Raichin Antonov

Personal information
- Full name: Raichin Antonov
- National team: Bulgaria
- Born: 11 April 1980 (age 46) Sofia, Bulgaria
- Height: 1.96 m (6 ft 5 in)
- Weight: 82 kg (181 lb)

Sport
- Sport: Swimming
- Strokes: Freestyle
- Club: Slavia Sofia
- College team: Missouri State University (U.S.)
- Coach: Jack Steck (U.S.)

= Raichin Antonov =

Bulgarian swimmer (born 1980)

Raichin Antonov (Райчин Антонов; born 11 April 1980) is a Bulgarian former swimmer, who specialized in sprint freestyle events. He is a multiple-time Bulgarian record holder and champion in the 50 and 100 m freestyle.
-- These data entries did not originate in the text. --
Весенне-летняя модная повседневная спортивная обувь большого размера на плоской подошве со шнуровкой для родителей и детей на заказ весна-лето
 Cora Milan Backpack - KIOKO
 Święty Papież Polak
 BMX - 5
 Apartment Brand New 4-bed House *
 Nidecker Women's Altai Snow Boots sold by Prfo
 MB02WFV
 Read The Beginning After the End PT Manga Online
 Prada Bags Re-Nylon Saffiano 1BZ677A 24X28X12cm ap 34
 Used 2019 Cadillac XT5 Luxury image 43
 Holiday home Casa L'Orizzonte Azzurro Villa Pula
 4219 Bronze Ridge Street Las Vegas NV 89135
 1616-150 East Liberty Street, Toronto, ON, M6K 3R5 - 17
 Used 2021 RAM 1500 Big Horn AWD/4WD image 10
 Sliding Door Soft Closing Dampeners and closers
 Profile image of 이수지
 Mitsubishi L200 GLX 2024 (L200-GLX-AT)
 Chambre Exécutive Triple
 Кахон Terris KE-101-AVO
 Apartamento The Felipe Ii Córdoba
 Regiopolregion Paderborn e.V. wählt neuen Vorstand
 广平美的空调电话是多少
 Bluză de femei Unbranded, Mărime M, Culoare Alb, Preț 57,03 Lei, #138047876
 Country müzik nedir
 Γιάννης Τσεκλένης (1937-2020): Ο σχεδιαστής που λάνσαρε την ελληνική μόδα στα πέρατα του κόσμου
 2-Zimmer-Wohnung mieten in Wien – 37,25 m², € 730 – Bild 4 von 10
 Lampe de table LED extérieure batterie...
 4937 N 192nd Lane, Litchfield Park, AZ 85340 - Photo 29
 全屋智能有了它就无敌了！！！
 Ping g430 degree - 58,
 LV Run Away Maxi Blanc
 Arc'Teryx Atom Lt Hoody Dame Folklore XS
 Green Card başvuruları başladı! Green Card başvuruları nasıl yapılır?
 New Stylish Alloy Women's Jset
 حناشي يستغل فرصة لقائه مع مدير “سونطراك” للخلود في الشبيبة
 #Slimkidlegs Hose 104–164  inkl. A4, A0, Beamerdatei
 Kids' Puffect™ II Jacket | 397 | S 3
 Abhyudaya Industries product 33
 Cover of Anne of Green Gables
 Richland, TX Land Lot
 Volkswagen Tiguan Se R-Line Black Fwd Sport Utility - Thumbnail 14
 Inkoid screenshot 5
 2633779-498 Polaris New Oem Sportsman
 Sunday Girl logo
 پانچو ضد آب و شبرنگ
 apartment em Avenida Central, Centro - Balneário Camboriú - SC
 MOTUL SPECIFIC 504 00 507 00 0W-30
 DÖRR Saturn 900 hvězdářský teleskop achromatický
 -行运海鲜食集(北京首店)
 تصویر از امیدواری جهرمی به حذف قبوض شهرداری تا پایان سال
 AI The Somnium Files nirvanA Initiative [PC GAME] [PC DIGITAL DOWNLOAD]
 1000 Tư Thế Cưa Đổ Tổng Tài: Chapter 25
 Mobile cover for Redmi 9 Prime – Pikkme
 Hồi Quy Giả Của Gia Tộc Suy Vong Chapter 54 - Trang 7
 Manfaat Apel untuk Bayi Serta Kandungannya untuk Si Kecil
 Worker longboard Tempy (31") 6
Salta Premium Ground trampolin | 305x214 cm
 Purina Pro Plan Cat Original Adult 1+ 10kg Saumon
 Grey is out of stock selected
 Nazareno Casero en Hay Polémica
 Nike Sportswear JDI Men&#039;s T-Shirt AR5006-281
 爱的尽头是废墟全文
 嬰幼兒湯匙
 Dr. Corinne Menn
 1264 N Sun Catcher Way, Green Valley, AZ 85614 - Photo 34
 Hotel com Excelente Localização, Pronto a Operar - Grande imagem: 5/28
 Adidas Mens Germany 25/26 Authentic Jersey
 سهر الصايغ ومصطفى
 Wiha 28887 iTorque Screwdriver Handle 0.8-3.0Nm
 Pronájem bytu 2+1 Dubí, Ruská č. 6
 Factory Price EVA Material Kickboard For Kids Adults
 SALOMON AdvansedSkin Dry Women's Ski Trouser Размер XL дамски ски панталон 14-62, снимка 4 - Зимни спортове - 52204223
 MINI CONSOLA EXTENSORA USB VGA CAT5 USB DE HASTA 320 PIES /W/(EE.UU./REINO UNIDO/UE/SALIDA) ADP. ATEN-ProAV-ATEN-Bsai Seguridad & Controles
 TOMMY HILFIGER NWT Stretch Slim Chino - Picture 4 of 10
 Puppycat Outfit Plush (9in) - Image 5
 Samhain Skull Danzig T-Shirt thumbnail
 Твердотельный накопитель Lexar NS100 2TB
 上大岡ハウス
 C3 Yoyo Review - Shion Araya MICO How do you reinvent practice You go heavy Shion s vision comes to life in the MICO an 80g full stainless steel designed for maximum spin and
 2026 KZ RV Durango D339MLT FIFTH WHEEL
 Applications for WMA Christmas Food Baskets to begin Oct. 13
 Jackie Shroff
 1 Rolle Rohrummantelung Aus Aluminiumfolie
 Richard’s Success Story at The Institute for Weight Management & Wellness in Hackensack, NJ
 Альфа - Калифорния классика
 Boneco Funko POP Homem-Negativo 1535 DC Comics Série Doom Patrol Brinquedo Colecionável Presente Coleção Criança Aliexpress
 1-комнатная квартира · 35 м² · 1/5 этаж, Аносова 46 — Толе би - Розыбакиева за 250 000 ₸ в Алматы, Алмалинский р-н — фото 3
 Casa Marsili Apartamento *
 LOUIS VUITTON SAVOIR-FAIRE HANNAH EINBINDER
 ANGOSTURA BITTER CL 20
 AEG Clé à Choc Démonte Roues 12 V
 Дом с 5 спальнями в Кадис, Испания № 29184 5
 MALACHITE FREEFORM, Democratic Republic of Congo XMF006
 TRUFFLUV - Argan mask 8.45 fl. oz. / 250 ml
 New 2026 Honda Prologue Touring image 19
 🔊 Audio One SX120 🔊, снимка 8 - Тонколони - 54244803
He is also a former member of the swimming team for the Missouri State Bears under head coach Jack Steck, and a business graduate at the Missouri State University in Springfield, Missouri.

Antonov qualified for two swimming events at the 2004 Summer Olympics in Athens, by eclipsing FINA B-standard entry times of 23.48 (50 m freestyle) and 51.65 (100 m freestyle) from the Missouri State Swimming Championships. In the 100 m freestyle, Antonov challenged seven other swimmers on the fourth heat, including two-time Olympians George Gleason of the Virgin Islands and Allen Ong of Malaysia. He rounded out the field to last place and fifty-second overall by 0.29 of a second behind Ong in 52.33. In his second event, 50 m freestyle, Antonov matched his position from his first on the morning's prelims. Swimming in heat five, he touched out Iceland's Örn Arnarson to take a sixth spot by 0.17 of a second, outside his entry time of 23.67.